**Activity**:
Practice item. Set the material below down again exactly, with no pictures.

**Provided material**:
■ ■ ■ ■

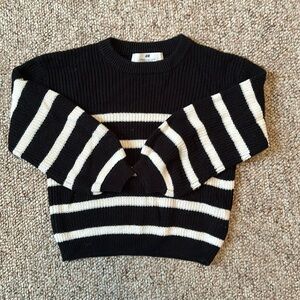 H&M - Girl - 3/4 Year - Ribbed Black & White Stripped Sweater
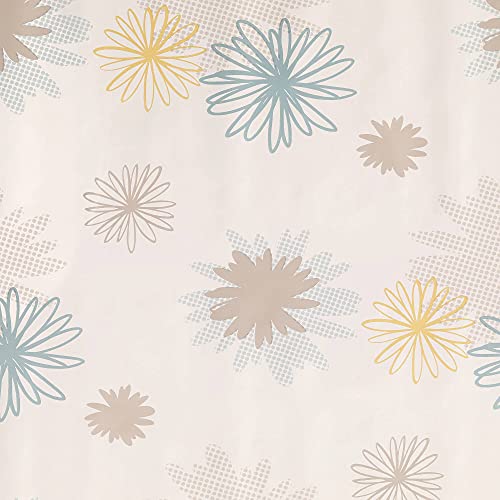 ecosoul Wachstuchtischdecke Pollen Taupe 1,4m Breite Länge wählbar Blumen beige blau gelb Wachstuch Gartentischdecke abwaschbar (140cm x 200cm) von ecosoul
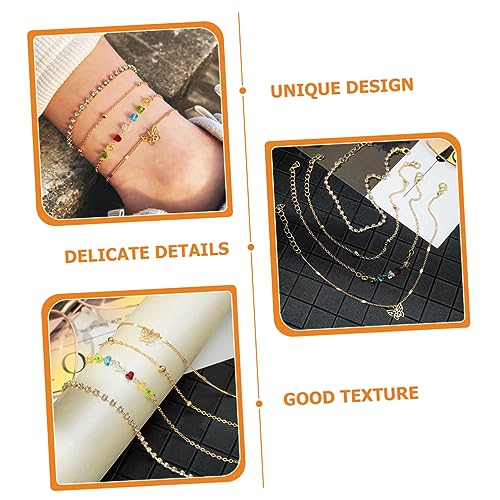 Tobillera con capas de pulseras GALPADA dile adiós a los complementos aburridos y sin brillo 3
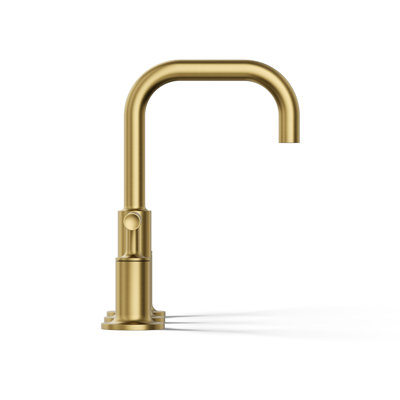 Purist Widespread Faucet with Drain Assembly Low Lever Handles and Low Gooseneck Spout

■ ■ ■ ■

**Result of this exercise**:
 H&M - Girl - 3/4 Year - Ribbed Black & White Stripped Sweater
 ecosoul Wachstuchtischdecke Pollen Taupe 1,4m Breite Länge wählbar Blumen beige blau gelb Wachstuch Gartentischdecke abwaschbar (140cm x 200cm) von ecosoul
 Tobillera con capas de pulseras GALPADA dile adiós a los complementos aburridos y sin brillo 3
 Purist Widespread Faucet with Drain Assembly Low Lever Handles and Low Gooseneck Spout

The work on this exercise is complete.